Goodbye Lennon: The Life of A Hungarian Art Star
zita kisgergely
The latest great somewhat hi-brow Netflix series is the just-released The Andy Warhol Diaries. And while we haven’t made if far enough in to clock any Hungarian fingerprints, we do know enough about that scene to recall that there was a Hungarian prominently situated in the mix, in the form of gallerist and artist Sam Havadtoy.
Born to Hungarians in London in 1952, his family made the daring choice of returning to Hungarian soil a few years later. It wouldn’t be until 1971 that Havadtoy was able to depart the Bloc for London, via Yugoslavia. He eventually emigrated to the States, where he would found the influential Sam Havadtoy Gallery. It was there that he mixed with the likes of Warhol and Keith Haring, with John Lennon and his wife coming in to buy a pair of chairs. In time he would engage with Yoko Ono in a relationship that would last 20 years, and bring the singer/artist to Budapest on many extended occasions.
Of his relationship with Ono, Havardoy told the New York Times, “Being with Yoko was like going through an extensive university course of life. And I was the only student. I may have taken too long. Maybe I failed at many courses, but finally I graduated and came into my own. Like going to university, it’s a period that you would never replace with anything else, but there’s no point in going back to it, it’s done.”

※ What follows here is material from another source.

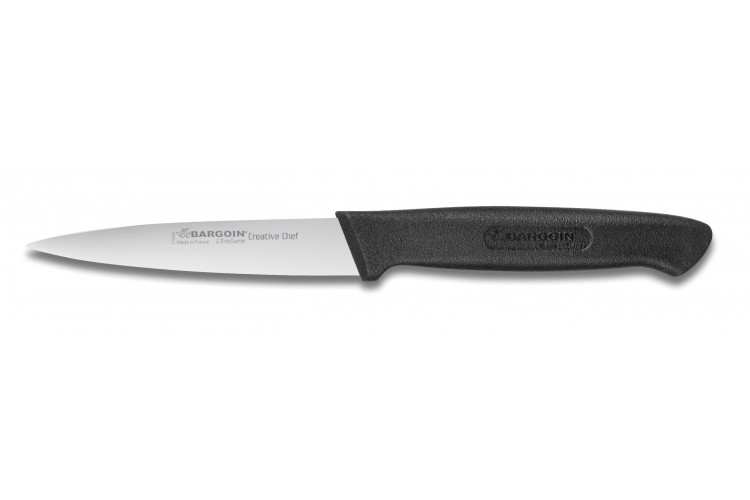 Couteau d'office Creative Chef 8cm manche surmoul&eacute; noir Bargoin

Of Havadtoy, Yoko Ono said, “An artist is born. I am touched by the magnificence of his work. He has dipped into the old Hungarian spirit and culture and created a work that is very now. It is Hungarian, very Sam Havadtoy and it’s beautiful.”

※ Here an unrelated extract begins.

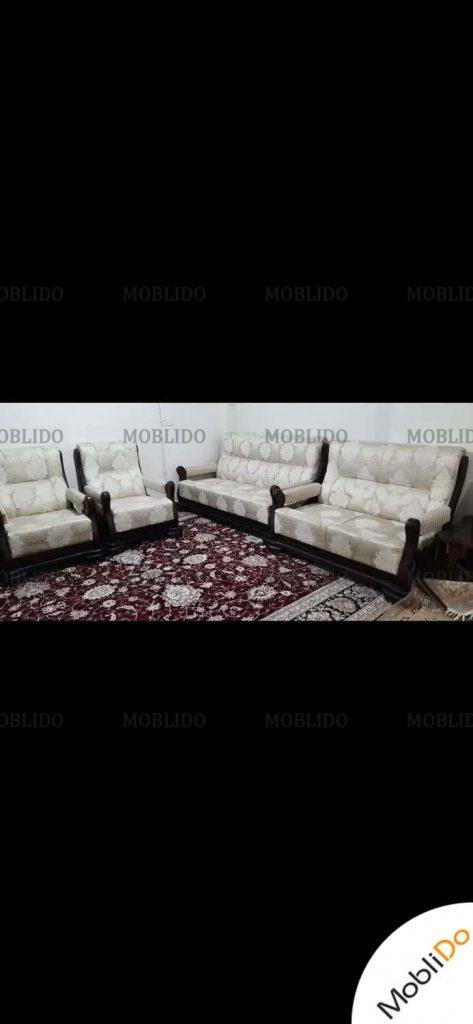 مبل هفت نفره چوب کامل فنلاندی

As an artist in his own right, Havadtoy contributed to some late works of Keith Haring, and showed his own work worldwide, including at Budapest’s Hungarian National Theatre and the Ludwig Museum. His work is playful and draws heavily on Disney iconography and political references, prefiguring Jeffrey Koons. After returning to Hungary to live, Havadtoy opened the gallery Gallery 56, and was able to introduce prominent international artists like Cindy Sherman, Robert Mapplethorpe, and Kiki Smith to a Budapest audience.
Havadtoy now splits his time between Hungary, where he has a studio in the artist enclave of Szentendre, and Liguria, Italy.